» **Exercise brief**:
Wherever the string "debugging" appears in the entries below, return the line that holds it.

» **Records shown**:
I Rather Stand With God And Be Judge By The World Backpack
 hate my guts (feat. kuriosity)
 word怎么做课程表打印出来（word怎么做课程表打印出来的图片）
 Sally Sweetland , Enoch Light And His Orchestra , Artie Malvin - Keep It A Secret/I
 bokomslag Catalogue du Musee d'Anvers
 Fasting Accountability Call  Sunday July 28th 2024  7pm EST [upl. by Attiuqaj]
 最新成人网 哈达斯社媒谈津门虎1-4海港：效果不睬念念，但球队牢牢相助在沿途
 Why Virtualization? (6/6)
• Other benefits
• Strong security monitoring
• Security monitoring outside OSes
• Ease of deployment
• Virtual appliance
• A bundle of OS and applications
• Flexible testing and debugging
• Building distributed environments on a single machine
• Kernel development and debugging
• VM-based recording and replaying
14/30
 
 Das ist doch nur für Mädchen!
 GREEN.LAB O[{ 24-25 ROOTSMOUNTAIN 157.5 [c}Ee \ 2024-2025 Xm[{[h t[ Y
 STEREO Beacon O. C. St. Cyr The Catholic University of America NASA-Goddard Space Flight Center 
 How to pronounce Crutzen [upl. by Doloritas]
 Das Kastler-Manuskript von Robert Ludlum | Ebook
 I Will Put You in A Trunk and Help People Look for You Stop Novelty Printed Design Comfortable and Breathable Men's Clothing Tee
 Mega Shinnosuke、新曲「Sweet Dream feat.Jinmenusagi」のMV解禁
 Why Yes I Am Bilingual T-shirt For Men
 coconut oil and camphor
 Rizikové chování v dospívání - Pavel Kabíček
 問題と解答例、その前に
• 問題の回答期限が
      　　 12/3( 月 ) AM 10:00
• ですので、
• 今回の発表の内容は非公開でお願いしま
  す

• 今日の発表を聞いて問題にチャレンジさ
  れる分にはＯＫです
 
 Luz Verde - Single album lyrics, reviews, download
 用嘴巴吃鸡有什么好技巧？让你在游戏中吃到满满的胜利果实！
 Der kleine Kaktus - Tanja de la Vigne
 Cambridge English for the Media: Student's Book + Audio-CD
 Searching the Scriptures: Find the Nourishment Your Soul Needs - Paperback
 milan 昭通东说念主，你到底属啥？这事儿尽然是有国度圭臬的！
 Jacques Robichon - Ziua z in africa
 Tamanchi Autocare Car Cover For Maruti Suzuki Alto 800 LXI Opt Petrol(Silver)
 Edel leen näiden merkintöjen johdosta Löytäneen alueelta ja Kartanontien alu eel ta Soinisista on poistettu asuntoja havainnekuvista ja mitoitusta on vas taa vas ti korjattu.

» **Solved problem**:
• Flexible testing and debugging
• Kernel development and debugging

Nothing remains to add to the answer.